Anti-Dumping Measures on Biodiesel by the European Union is a WTO Dispute Settlement case. Argentina and Indonesia were the two biggest exporters of biodiesel to the European Union. Together, they were responsible for about 90% or 2.5M tonnes of the biodiesel imports of the European Union in 2012. But by mid-2012, the European Union accused Argentina and Indonesia of dumping their biodiesel in the European Union, meaning that they were both selling their biodiesel under the price of the home market and implemented anti-dumping tariffs on biodiesel from the two countries, effectively halting flows.

==Background==
According to the findings of the investigations set by the European Union, Argentine and Indonesian companies benefit from an unfair advantage because of the access they have to raw materials at prices that are low compared to the world market prices available to the EU producers of biodiesel. This is because of the high export taxes that the Argentine and Indonesian government imposes on raw materials used in the biodiesel production. The investigation found that the dumping margin of Argentina was around 41.9% and 49.2%, and for Indonesia between 8.8% and 23.3%. However, by applying the EU “Lesser duty rule”, the anti-dumping duties will be imposed at the level of the injury margin, for most exporting producers, which is for Argentina between 22% and 25.7%, and for Indonesia between 8.8% and 20.5%. In other words, the duties were fixed not to constitute a punishment, but to prevent further injury to the EU industry.

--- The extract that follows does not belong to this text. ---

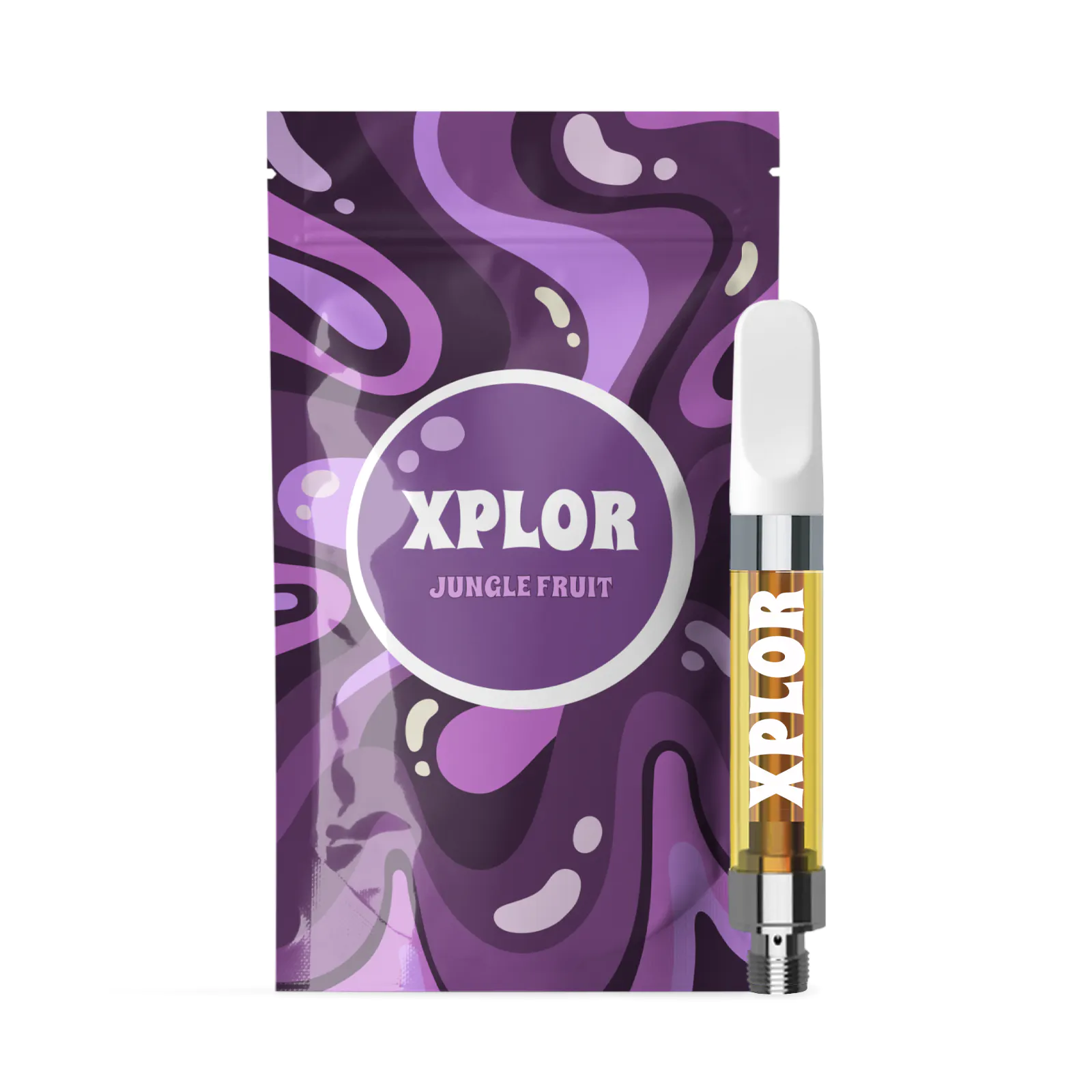 XPLOR | Jungle Fruit | 510 | 1g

==Definitive Anti-Dumping duties on Biodiesel for Argentina and Indonesia==
As of November 2013, the EU has imposed definitive anti-dumping duties on imports of biodiesel from Argentina and Indonesia. The anti-dumping measures consist of an additional duty of about 24.6% for Argentina and 21.3%, which measures were based on decisions taken by the Council after a 15-month investigation that the European Commission carried out in 2012. The investigation revealed that Argentine biodiesel products were being dumped in the EU market, just as thought by the congress. This Dumping have had a significant negative effect on the financial and operational performance of European producers. Also, the European commission has proposed tariffs of 217 Euros per ton of biodiesel imported, this has caused the sales of the biodiesel imported more expensive than the one produced nationally, causing the sales of the Argentine and Indonesia biodiesel to decrease, considering that the sales had decrease severely due to the strict import laws on biodiesel newly applied. The amount of biodiesel imported to the European Union has decreased a 36% overall in 2013, and just from Argentina's overall imports decreased a 57%. Also, the European government has started to charge a $1 tax per gallon of biodiesel in 2013, and it has constantly been increasing since then, making the biodiesel more expensive for the consumers. So as we can see, Europe has not only decreased the amount of imports of biodiesel from Argentina and Indonesia, but from other countries too. As a result, even though the total amount of imports have decreased drastically, the domestic producers of biodiesel have seen a huge increase in sale and in revenues thanks to the taxes and tariffs applied to imports that caused the drops in total imports.

===Argentina===
Argentina has presented a case (DS459) to a special group against the EU in relations to the biodiesel dispute in May 2013. This case was against certain restrictions in the imports and commercialization of biodiesel in Europe and also claims that say that the European Union was unfairly subsidizing the national biodiesel industry. In October 2016 the dispute panel found in favour of Argentina and ruled that the anti-dumping tariffs must be reduced. The European Commission is in the process of passing these proposals but so far has met with strong opposition from Europe's main biodiesel and oilseed producer states. A decision is expected in September 2017.

===Indonesia===
In Switzerland, Indonesia has officially launched a complaint against the EU (DS480) at the World Trade Organization (WTO) over anti-dumping tariffs Europe has lodged against Indonesian biodiesel imports since May 2013. The WTO established a dispute panel over similar charges already made by Argentina.